16 The Training Process - Callbacks - 《The fastai book》

Callbacks
- Creating a Callback
- Callback Ordering and Exceptions

Callbacks

Sometimes you need to change how things work a little bit. In fact, we have already seen examples of this: Mixup, fp16 training, resetting the model after each epoch for training RNNs, and so forth. How do we go about making these kinds of tweaks to the training process?

We’ve seen the basic training loop, which, with the help of the Optimizer class, looks like this for a single epoch:

for xb,yb in dl:
    loss = loss_func(model(xb), yb)
    loss.backward()
    opt.step()
    opt.zero_grad()

<> shows how to picture that.

The usual way for deep learning practitioners to customize the training loop is to make a copy of an existing training loop, and then insert the code necessary for their particular changes into it.

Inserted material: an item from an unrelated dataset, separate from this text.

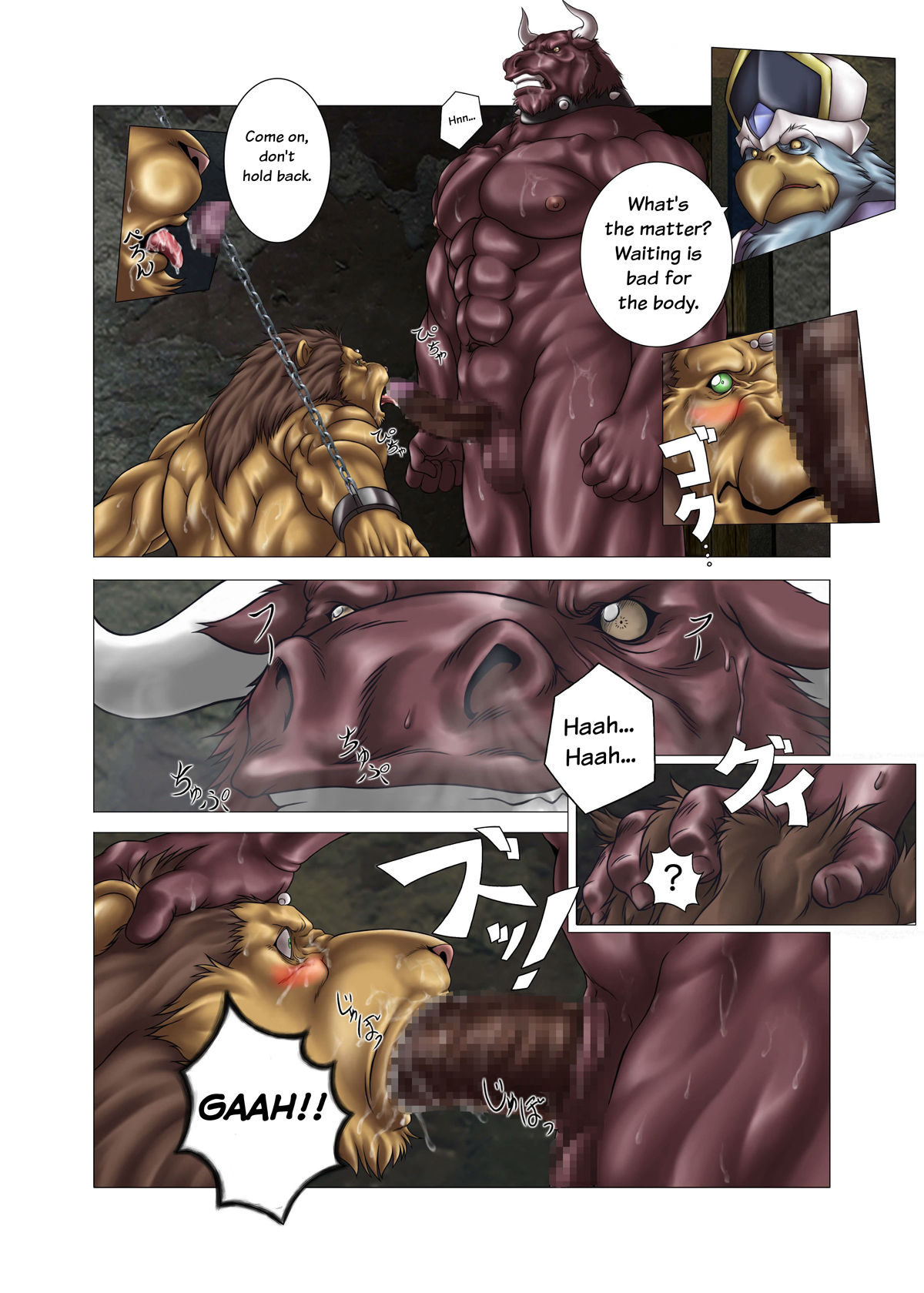 King's play page 6 full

This is how nearly all code that you find online will look. But it has some very serious problems.

It’s not very likely that some particular tweaked training loop is going to meet your particular needs. There are hundreds of changes that can be made to a training loop, which means there are billions and billions of possible permutations. You can’t just copy one tweak from a training loop here, another from a training loop there, and expect them all to work together. Each will be based on different assumptions about the environment that it’s working in, use different naming conventions, and expect the data to be in different formats.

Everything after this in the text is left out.